*** Opening EXERCISE MATERIALS ***
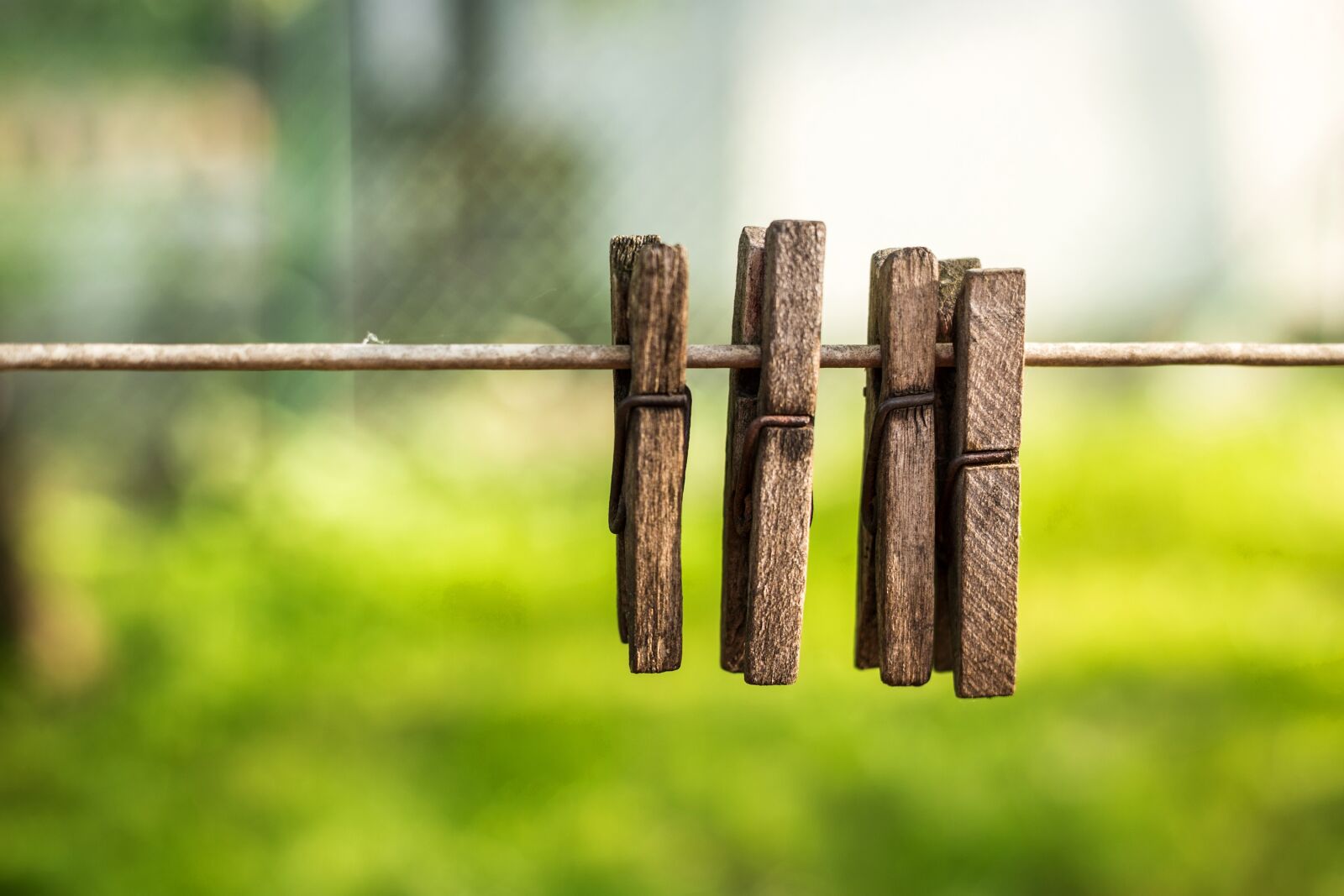 Canon EF 50mm F1.8 II sample photo. Pin, clothespins, wood photography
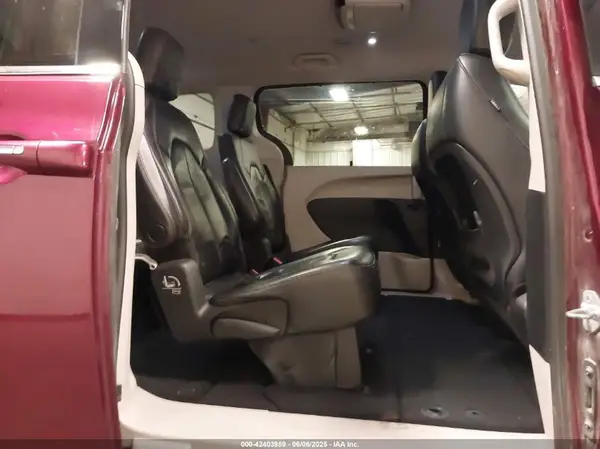 2C4RC1BG8HR743554 2017 CHRYSLER PACIFICA - Image 8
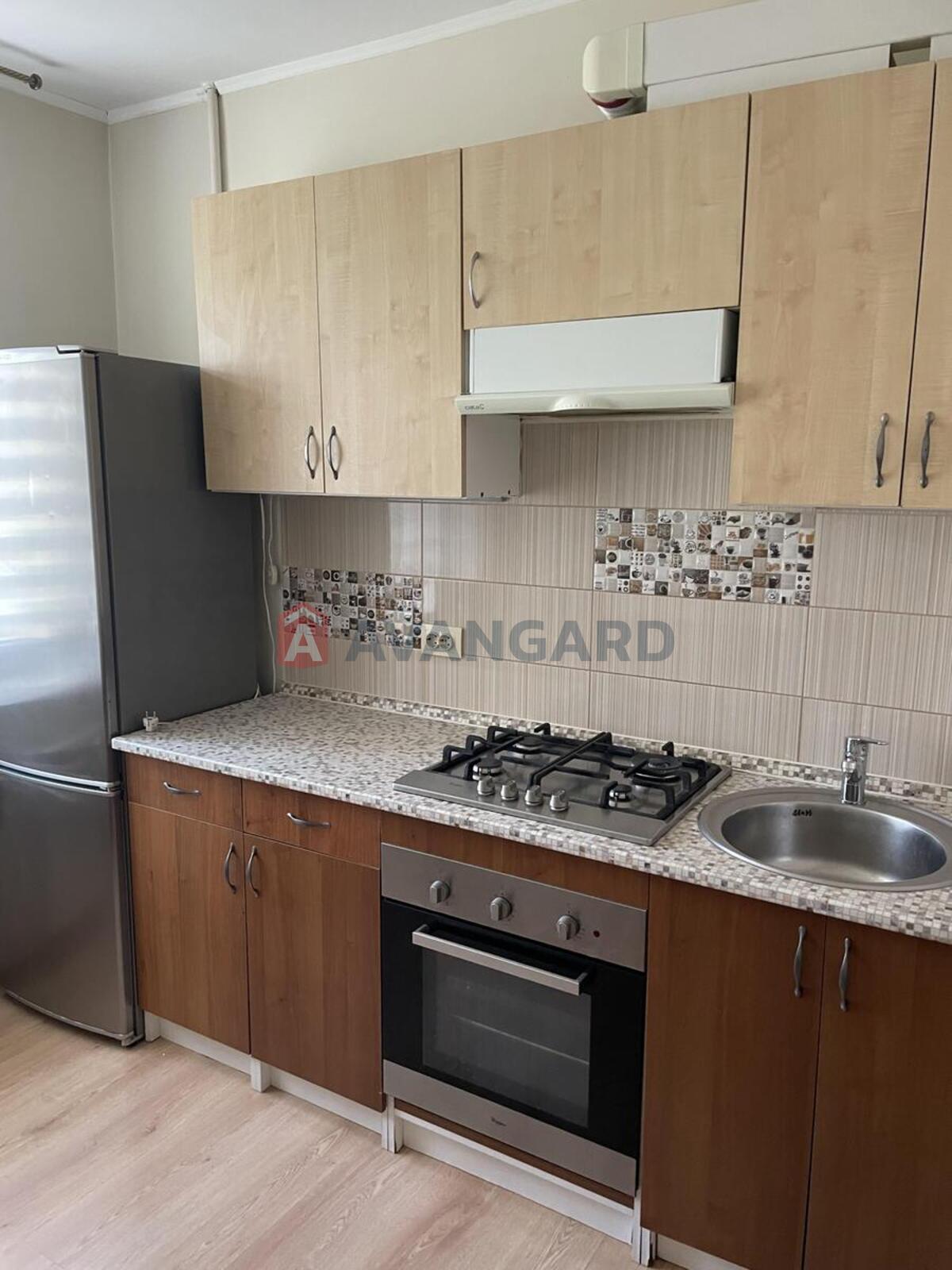 1 ��. ��������, 37/18/6 ��. �., 4/9 ������ ���� 26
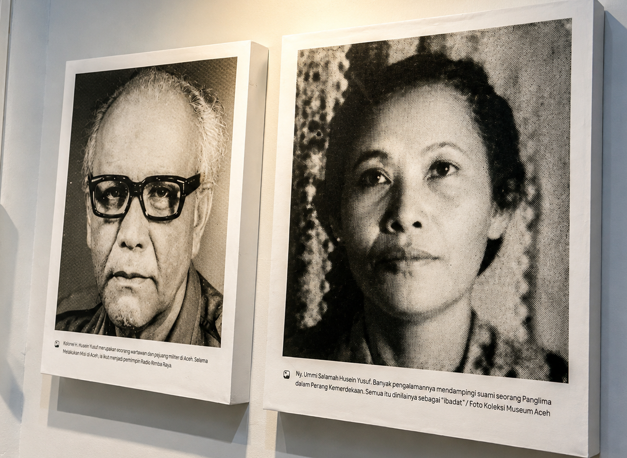 Potret Kolonel Husein Yusuf dan Ummi Salamah yang ditampilkan berdampingan dalam pameran sejarah Museum Aceh. Dokumentasi YPANBA.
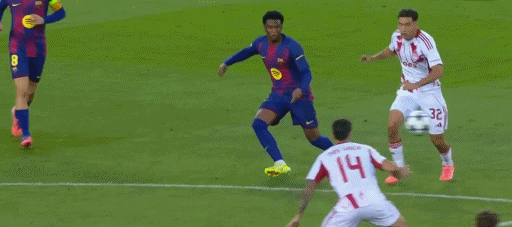 第7分钟,亚马尔助攻费尔明破门。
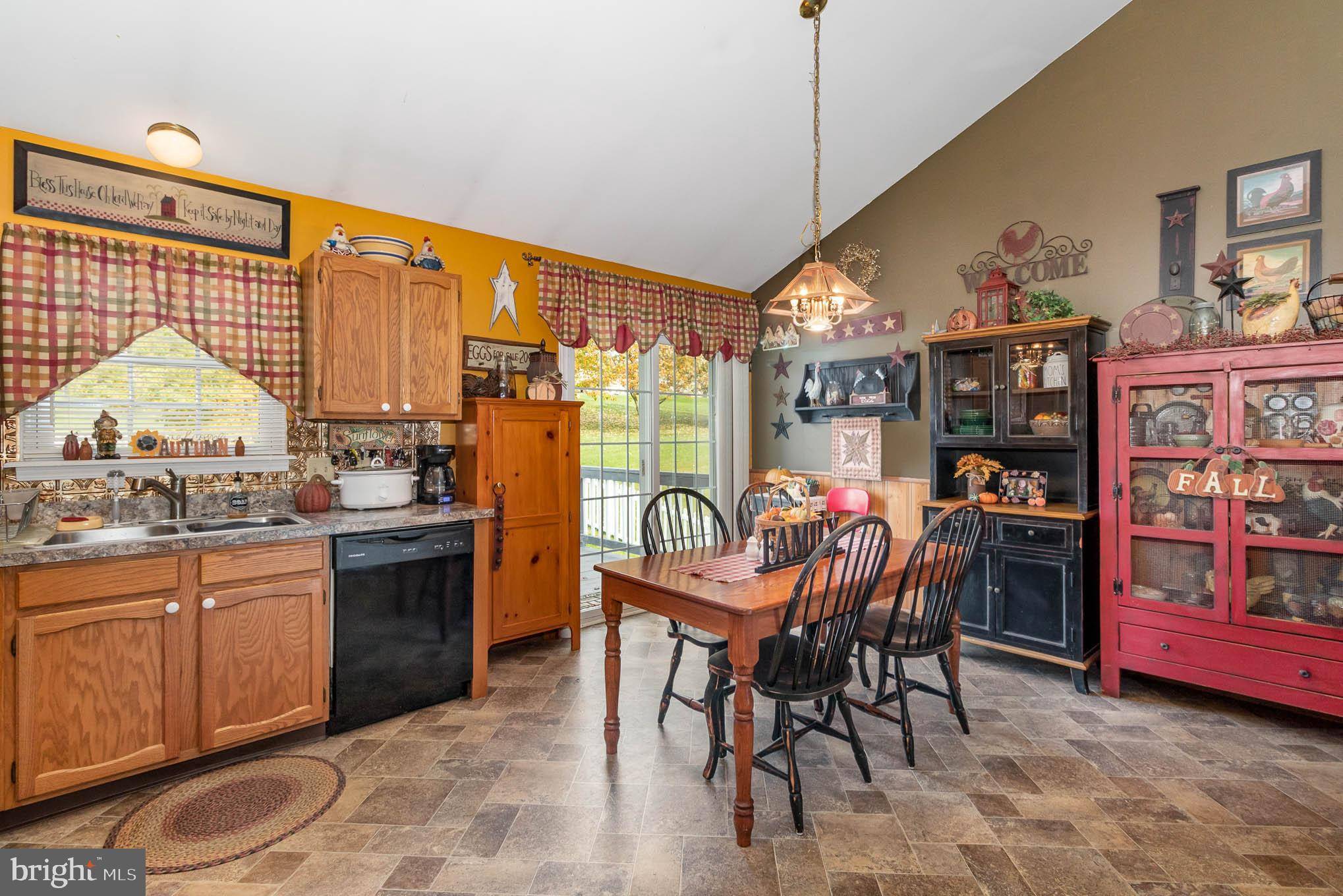 Red Lion, PA 17356,225 OVERVIEW CIR W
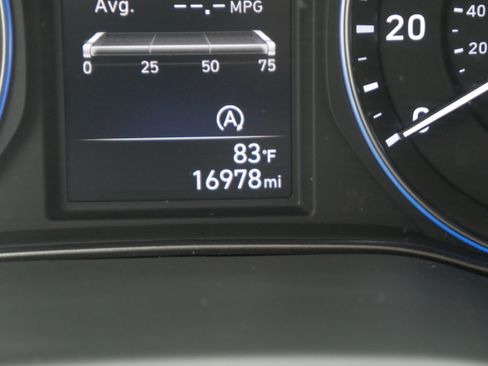 Used 2023 Hyundai Kona SEL AWD/4WD image 31
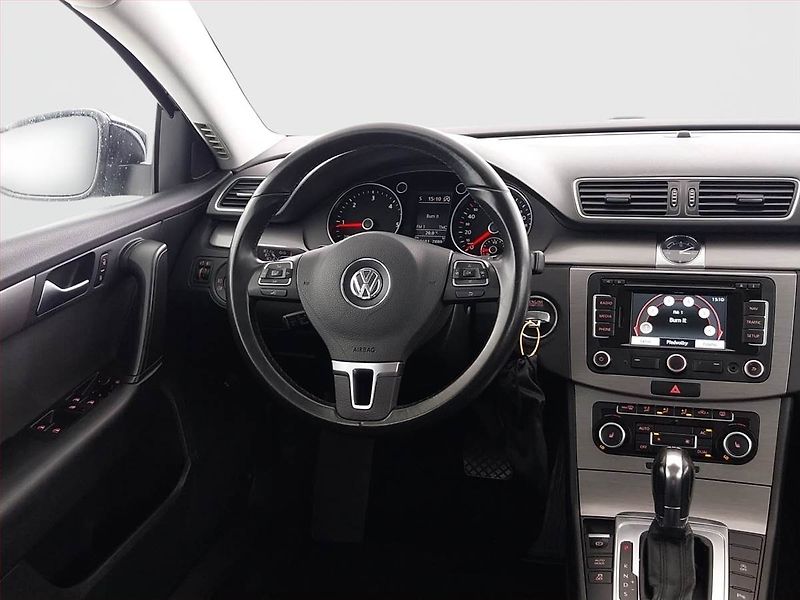 Volkswagen Passat (2011) Comfortline 2.0 TDI, Automat - fotka 7 z 22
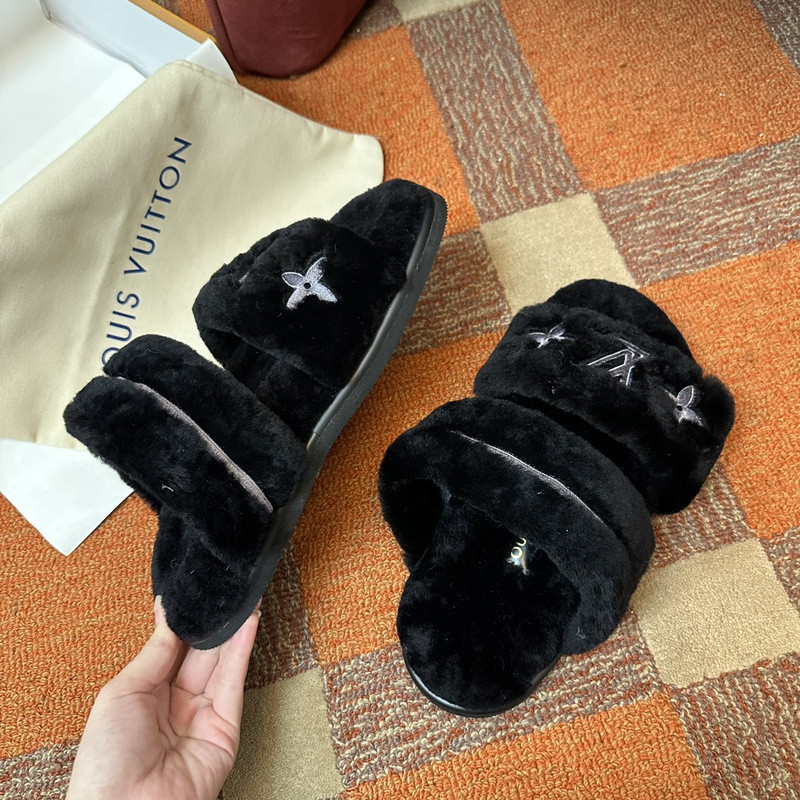 LVT SANDALS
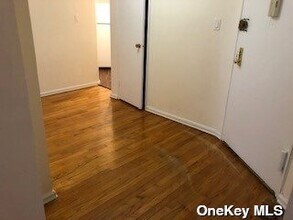 60-11 Broadway-Unit -4N in Queens, NY - Building Photo - Building Photo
*** Closing EXERCISE MATERIALS ***
TASK REQUIREMENTS:
What is needed is an exact restatement of the lines from the line with "Volkswagen Passat (2011)" through the final line of the data, pictures excluded.

SOLUTION FOR THIS TASK:
 Volkswagen Passat (2011) Comfortline 2.0 TDI, Automat - fotka 7 z 22
 LVT SANDALS
 60-11 Broadway-Unit -4N in Queens, NY - Building Photo - Building Photo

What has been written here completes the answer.